I’ve been testing Optus’ femtocell technology since the official launch last week, and the results have been odd and a little disappointing. The femtocell does succeed in giving me more bars on my phone, but despite that apparently improved reception, the quality of voice calls actually degrades fairly dramatically when I use it.

I have Optus as the main carrier on my BlackBerry, so I’ve long been aware that the reception quality at my home is, to put it charitably, poor. There’s usually only one bar for reception (perhaps two if I’m lucky), and the connection itself is invariably GPRS rather than 3G. If I want to make calls, I use the landline or Skype, and when I want to do data-oriented stuff, I hook up via Wi-Fi to my home broadband (which is from Internode, but ultimately is a Telstra service).

As such, I’m a pretty good femtocell test candidate. The femtocell lets you use your home Internet connection for receiving and making calls rather than a perhaps-iffy mobile signal, but still maintains your number (so people can ring and text you, which isn’t possible if you simply hook your phone onto your home Wi-Fi). Because I’m combining a prepay phone service with a non-Optus ADSL connection, I can’t take advantage of the Optus offer of unlimited Australian calls via a femtocell connection in return for $5 a month. However, I can see if it makes my reception and call quality better.

Getting started

Setting up is easy, and despite the manual ominously warning that initial authorisation of your device after registering it online can take up to 90 minutes, everything is functional within 20 minutes or so. Adding extra numbers to the web interface is also no drama.

When you make a call that is routed via the femtocell rather than the existing 3G network, you hear a distinctive “three beeps” tone. That’s particularly important if you’re assuming that you’ll be getting free calls under the unlimited offer. It’s also worth listening out for, because I did find that on one or two occasions the femtocell went out of service temporarily and I was back on the standard 3G network.

Needing to make sure you know it’s operational might help explain why the femtocell itself has such annoyingly bright lighting — much more dominant than either my existing router or my phone handset. The photo below gives you an idea of just how much brighter it is. The small green lights near the top are the router; the ones in the middle are my handset; the UFO-style effect at the bottom is the femtocell.

Performance problems

I found the lighting annoying, but I would absolutely put up with it if the femtocell had improved my phone experience. The simple truth was that it didn’t. My phone displayed more bars, and when I ran speed tests the results were massively better than if I just used a 3G connection. (In one typical example, download speeds via just my handset were 44Kbps, which rose to 3600Kbps once the femtocell was switched on.)

The problem was that these extra speeds didn’t translate to a better call quality. On the contrary, calls sounded much worse when I made them through the femtocell. There were frequent dropouts when I was listening, and people I called complained that I sounded really distant. When that happened the second time, I switched off the femtocell and called back. I only had one bar on my phone, but the call quality was notably improved.

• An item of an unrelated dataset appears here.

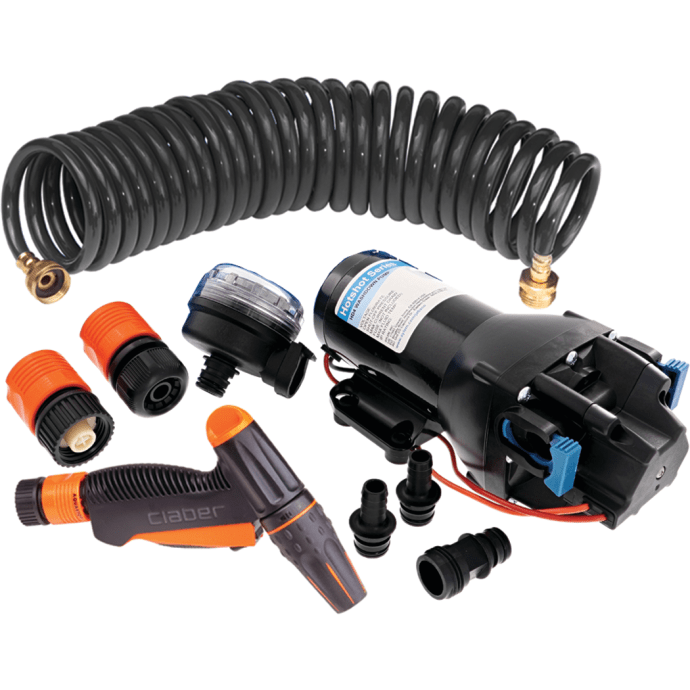 HotShot Series Marine Washdown Pumps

This seemed to me an odd result, so I did a bunch more testing. I used different handsets, tried at different times of day, and made sure nothing else was using the connection. (My line speed was well above the minimum Optus recommends.) No matter what I did, the calls sounded worse when the femtocell was switched on. So (and this won’t shock anyone) I switched it off.

What this means

I wouldn’t want to suggest this means no-one should get a femtocell. I’m a single user in a specific location, and while my mobile reception at home isn’t great, I can at least get a signal. If I lived somewhere where the signal dropped out completely, I’d doubtless welcome any opportunity for my phone to actually work.

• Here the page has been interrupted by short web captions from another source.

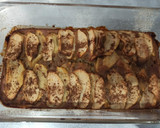 Foto del paso 4 de la receta: Pudín de manzana, canela y miel 🍎🍯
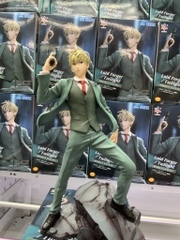 MÔ HÌNH Loid Forger - Spy × Family - Luminasta - Mission Extend (Sega Fave) FIGURE CHÍNH HÃNG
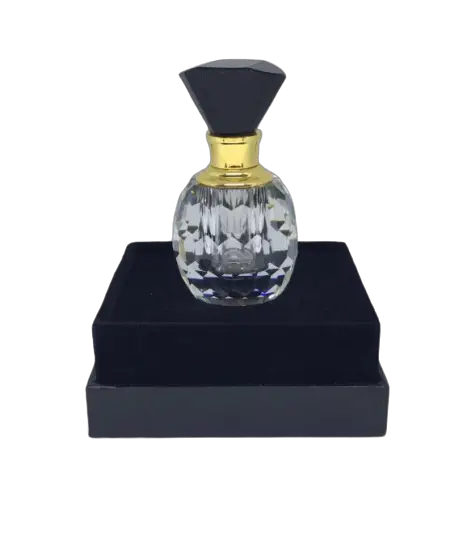 Signature Crystal Bottle by The Oud Co.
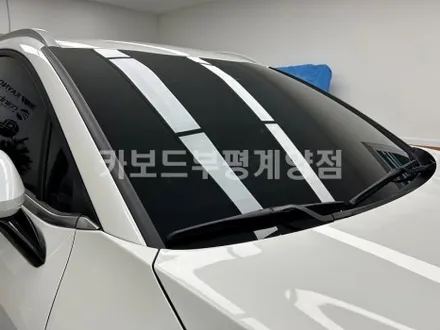 서운동썬팅 스포티지 티나인 R70 전면30 , 측후면 10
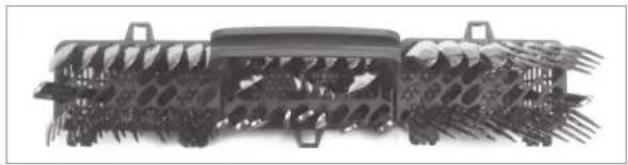 LG LDF8072ST - SILVERWARE LOADING TIPS: - 1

What it does suggest to me is that investing in a long-term deal tied to using a femtocell is something you’d want to think about very carefully. If you sign up for a 24-month contract, you save money on the device, but that’s a bit pointless if the device itself turns out to be not much use. It certainly wouldn’t be in my house, but I’d welcome comments from other new and prospective users in the comments.


  • I live in a complete blackspot (one bar if you rest your phone on the windowsill), we have had a femtocell for 2 months now, and its EXCELLENT!

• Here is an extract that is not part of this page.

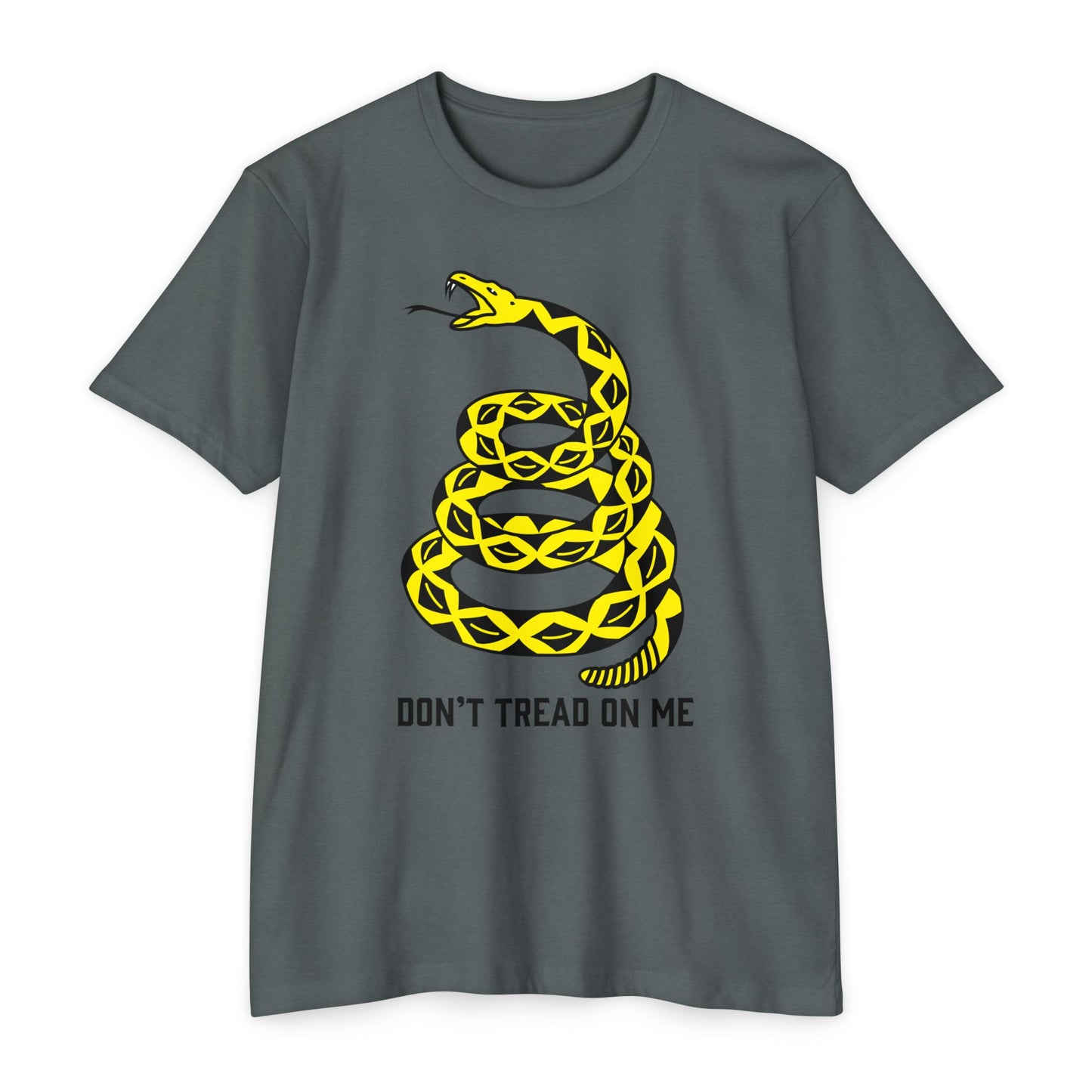 Don't Tread on Me Patriotic T-Shirt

    We have not had any issues with call quality, they are definitely very good quality. I suspect this is due to our particularly fast connection, we are on the new telstra cable (we routinely get 30+mb/s).

    I would highly recommend it if you live in a blackspot like i do. I am now able to use my phone anywhere in my house.

    just a note you need some mobile recption to activate the device (this meant i needed to take the femtocell and long network cable to activate it).

      • If you live in a blackspot I wouldn’t be relying on a mobile for emergency calls. That said a UPS to power that small amount of gear would probably be available for under $300 or thereabouts.

      • We live in a valley, you cant get signal here with any provider (not even telstra). As there are only 4 houses in the street none of the networks have bothered to put a cell in.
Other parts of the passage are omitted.